# Trim' out in the sun



## stuartdouglas (Mar 5, 2008)

Why should she get left out of the gorgeous weather?


----------



## Alice (Apr 30, 2007)

Stunning snake. The eyes are incredible. I don't know much about snakes, what is she?


----------



## stuartdouglas (Mar 5, 2008)

_Trimeresurus trigonocephalus - _Sri Lankan Green Pit Viper


----------



## Crownan (Jan 6, 2007)

Stunning, absolutely stunning.


----------



## wayne g (Mar 4, 2008)

noy having a pop but what us the legal position with having it outside a hot room etc?
(really not having a go)
absolutely stunning creature btw!: victory:


----------



## SNAKEWISPERA (Aug 27, 2007)

Niiiceeeee...... Loving the blue in that snakey, love that first pic


----------



## stuartdouglas (Mar 5, 2008)

wayne g said:


> noy having a pop but what us the legal position with having it outside a hot room etc?
> (really not having a go)
> absolutely stunning creature btw!: victory:


Third Party public liability insurance covers the animal on my property as long as reasonable precautions are take to ensure the safety of any visitors to my property. If I were to let her loose in a room full of people, that wouldn't be classed as reasonable precautions. On a branch in the garden with a locked gate and no access to the public and under constant supervision= no issues


----------



## sharpstrain (May 24, 2008)

Phwoar what a sexy babe:notworthy:


----------



## ScottGB (May 12, 2008)

How much is you public liability insurance???? 
In kirklees you need £5million cover.


----------



## SiUK (Feb 15, 2007)

ScottGB said:


> How much is you public liability insurance????
> In kirklees you need £5million cover.


 
they stitch you up there, still things will change next year, I have up to a million pound of cover and thats what most people I know have as well, 5 million would cost hell of alot on insurance for 1million up to 5 snakes im paying £194 a year, so if that had to be 5 million that would price me out.


----------



## wayne g (Mar 4, 2008)

stuartdouglas said:


> Third Party public liability insurance covers the animal on my property as long as reasonable precautions are take to ensure the safety of any visitors to my property. If I were to let her loose in a room full of people, that wouldn't be classed as reasonable precautions.

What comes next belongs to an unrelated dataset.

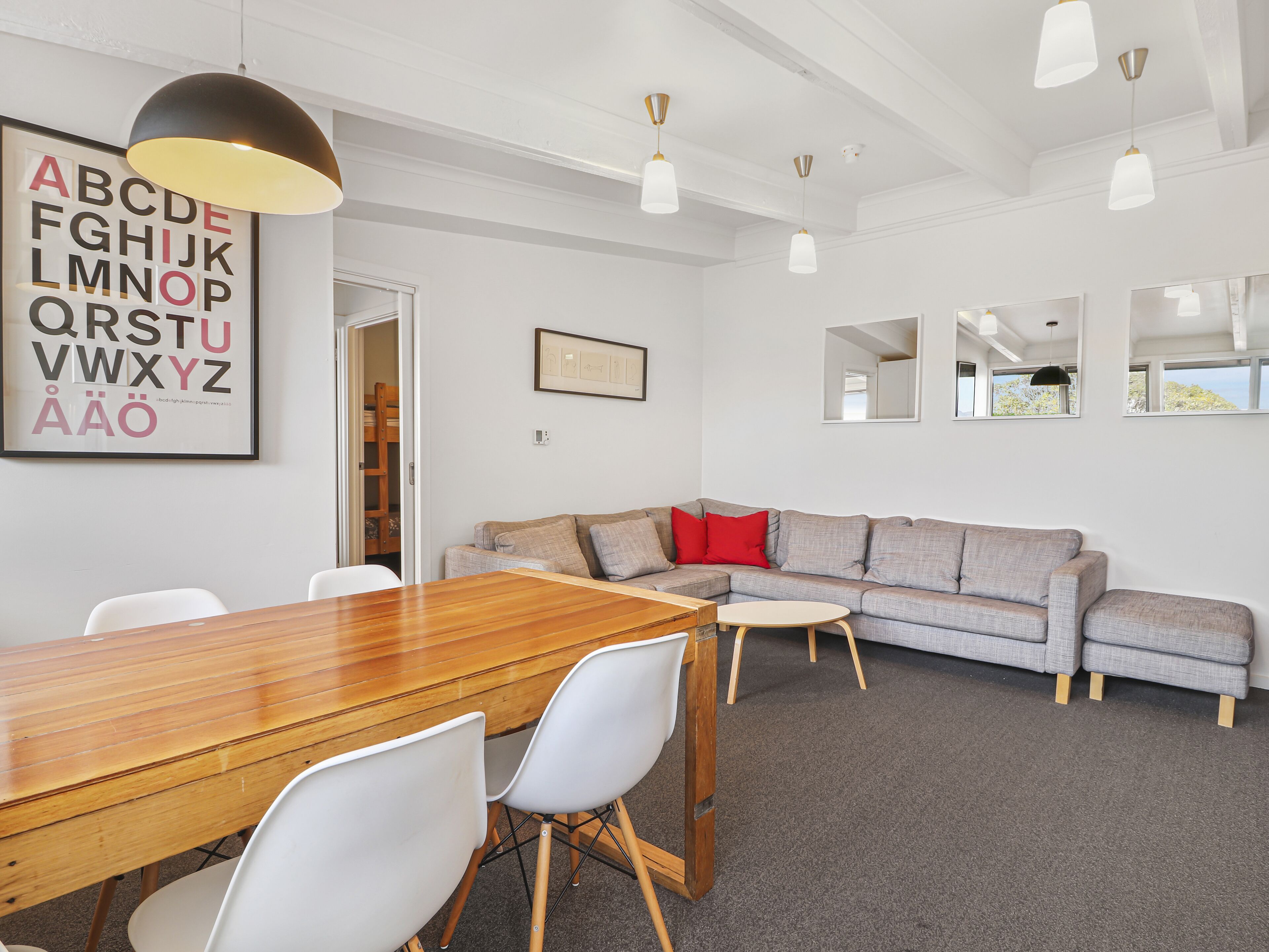 A modern living room with a wooden dining table, white chairs, a grey sofa with red cushions, and pendant lighting.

On a branch in the garden with a locked gate and no access to the public and under constant supervision= no issues


 
many thanks.i've often wondered what the score was!
: victory:

i love some of the stuff in the dwa section!
still haven't worked it out whether or not it's beacause thay are highly venomous or not though?
it's the colours that always amaze me with wildlife though and i only tend to be attracted to the really intece stuff.
looks like i'll stick to my (no longer) poison dart frogs though!

:lol2:


----------



## ScottGB (May 12, 2008)

Well welcome to yorkshire, I was told it was about £250 a year, but I kinda wanted to compare. 
My mate has to cover 1million for his dog, thats on a dangerus animal lisence, so I kinda thought 5million would be fare for a dwa, It was for a Caimen, if that changes anything???


----------



## SiUK (Feb 15, 2007)

same price on the caiman id imagine, I would say they are safer than hot snakes anyway, next year if the law comes in all will change to make the license more workable, also insurance depends who you get it will, some companies are more expensive than others.


----------



## lukendaniel (Jan 10, 2007)

same with car insurance for the same thing and cover one company could be £500 and other £1000 same with any insurance 


luke


----------



## ScottGB (May 12, 2008)

Well its going to be a few years down the line anyway, I'm in a shared house at the moment, so the dwa is out of the question at the moment. And even though its kinda my house till my parent's move in, I don't wnat to put my friends at risk.
Can you please pm me that new law info?

An not many insurance companys do public liability insurance for dwa, what company do you go through???
I've heard about ???????exotics. (I don't know the full name)


----------



## ScottGB (May 12, 2008)

Oh and a very nice viper!!!!


----------



## Declan123 (Dec 29, 2007)

Stunning mate, how long you had this scorcher...?


----------



## stuartdouglas (Mar 5, 2008)

Got it last September. It was born March 2007


----------



## carpy (Nov 13, 2007)

saw some lovely trims today in wales. these individuals were venom research specimens


----------



## Viper (May 10, 2008)

What a beauty !!


----------



## jaysnakeman (May 10, 2006)

carpy said:


> saw some lovely trims today in wales. these individuals were venom research specimens


 in bangor uni?


----------



## Declan123 (Dec 29, 2007)

jaysnakeman said:


> in bangor uni?


Yeah i think its the only place in Whales tbh


----------



## jaysnakeman (May 10, 2006)

Declan123 said:


> Yeah i think its the only place in Whales tbh


 where?:whistling2:


----------



## Declan123 (Dec 29, 2007)

jaysnakeman said:


> where?:whistling2:


Wales :bash: :lol2:


----------



## jaysnakeman (May 10, 2006)

Declan123 said:


> Wales :bash: :lol2:


 thats more like it


----------



## SNAKEWISPERA (Aug 27, 2007)

Gods Own Country !!


----------



## stuartdouglas (Mar 5, 2008)

Pffft...............Offa had the right idea, he just didn't dig it deep enough!


----------



## ratking (Mar 4, 2008)

thats 1 scary looking snake mate a beuty but id crap myself if that thing came near me


----------



## jaysnakeman (May 10, 2006)

stuartdouglas said:


> Pffft...............Offa had the right idea, he just didn't dig it deep enough!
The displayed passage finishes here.